Columnist Sue Shellenbarger has a simple formula for figuring out the number of people necessary for different types of meetings:
- Problem-solving: four to six people
- Decision making: four to seven people
- Agenda setting: five to 15
- Brainstorm: 10 to 20 people
Meetings at Atlassian
Program managers at Atlassian play an essential role in the right meeting attendees for our projects. From the project kick-off meeting to weekly check-ins, program managers consider each person to bring into the room.
Nirali Shah leads the program managers here at Atlassian. She makes sure everyone knows why they’re invited to a specific meeting. If she’s not sure if an individual needs to be in the meeting or not, she’ll ask them directly.
“I’m pretty strict on my meeting invites, I feel like rooms get pretty packed and bloated,” says Shah.
She allows people to self-select meeting by simply asking directly, “do you need to be in this meeting.”
If you’re having trouble figuring out who should be at the meeting, you might not be clear on the roles and responsibilities of your team. Try running the Roles and Responsibilities play in The Atlassian Team Playbook for clarity.

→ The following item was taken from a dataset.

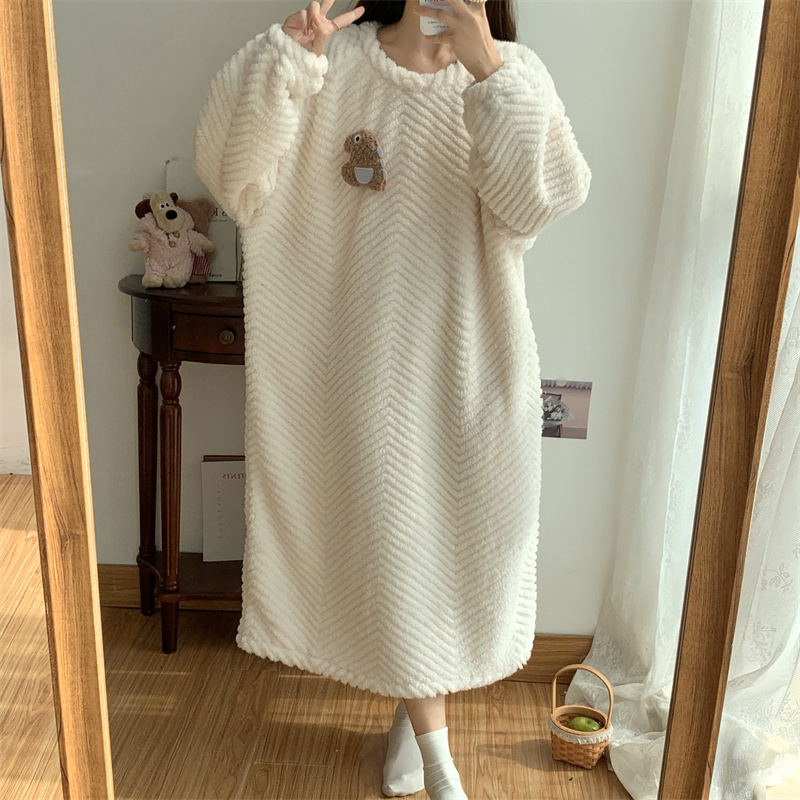 Téli kismama éjszakai ruha, kerek nyakú, hosszú ujjú, korall fleece, 95–100% poliészter, 180 g/m², otthoni ruházat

Whatever way you structure your meetings it’s crucial to have a facilitator or driver, at Atlassian that person is often the project owner or program manager.

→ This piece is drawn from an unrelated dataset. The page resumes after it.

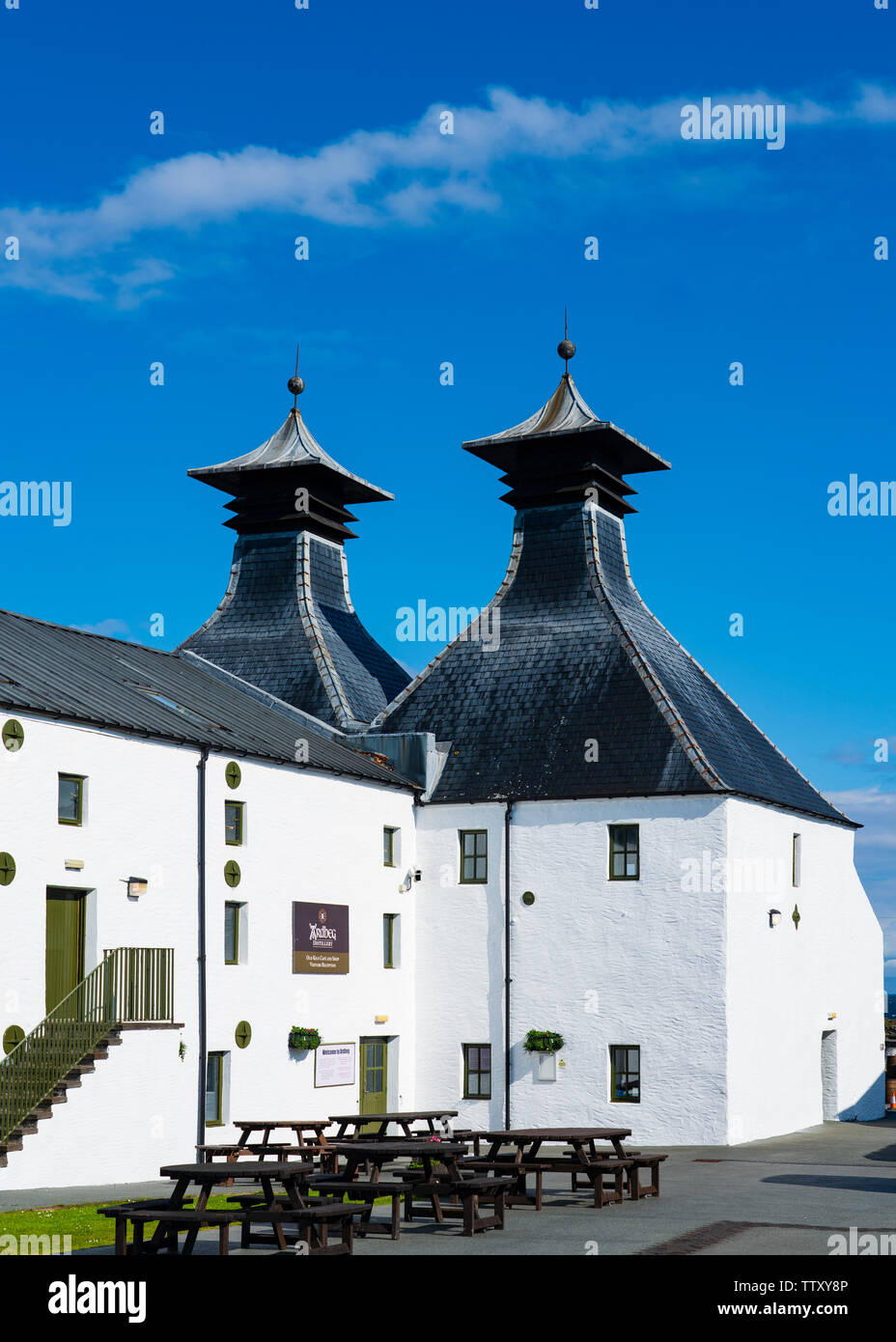 Vista della tradizionale pagode malthouse alla distilleria Ardbeg sull isola di Islay nelle Ebridi Interne della Scozia, Regno Unito Foto Stock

Program managers here at Atlassian make sure meeting invites include detailed agendas with explicit intended outcomes. This helps invitees determine if they need to attend or if they can bow out.
Who can skip the meeting?
There are always going to be folks who end up in meetings they probably should’ve skipped. Here are some types of attendees you might want to pull aside and ask if they really want/need to be there.
The silent observer: In a productive meeting everyone participates. If someone’s just there to get information there are better ways to do that. Here at Atlassian, we have so many great communication tools Shah says she doesn’t have to chase people down to make sure they’re informed.

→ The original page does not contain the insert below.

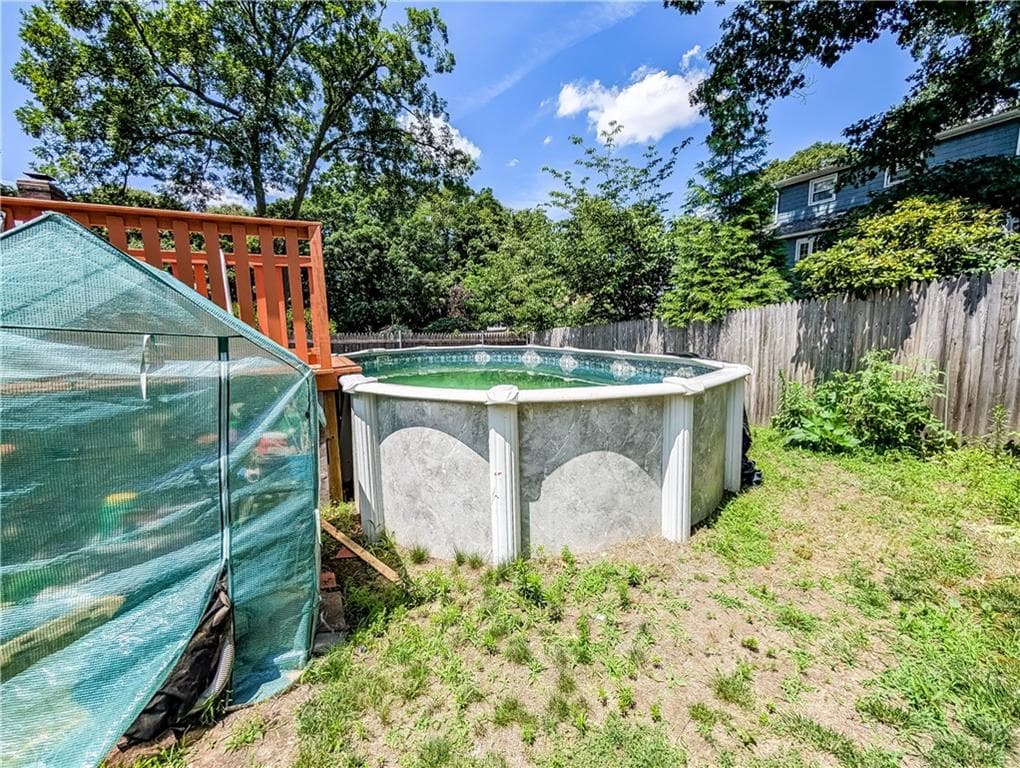 115 Davis Avenue photo 7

So if you have folks who just sit in the meeting and contribute little or nothing it might be time to remove the meeting from their calendar.
The negatron: Negativity can creep into even the healthiest of teams. When you have someone who’s integral to the team but repeatedly shoots down new ideas, it can really kill a meeting.
The celebrity: When an attendee is both well-respected and has strong opinions they love to share, they can dominate a meeting (usually without intending to). Ask them to be the designated “devil’s advocate,” which shifts them into listening mode and creates space for other’s to contribute.
The narcissist: This person makes it all about themselves and can really suck the air out of the room. When you have a celebrity in the room, it’s important to circle back to the agenda and continually ask for other people’s perspectives.
The multitasker: We’ve all been there, sitting in a meeting that’s a little boring and you casually check your e-mail or maybe place a quick Amazon order because you just remembered you needed a big hat for an upcoming Kentucky Derby Party. This, of course, is not great meeting behavior. The best way to combat this is making sure everyone had a role to play and something to add. Another option is asking people to close their laptops and take notes the old-fashioned way.
In the end, determining your meeting attendees hinges on mutual respect and trust in your team. It all comes down to providing the involved parties with all the necessary information, making sure you’re conducting useful and productive meetings and trusting everyone to be a team player.
No one benefits from long, bloated meetings and no one wants to sit through something that’s not valuable.
With the right tools in place and the right people at the table, you’ll unleash the power of your team and maybe even free up some time in your day.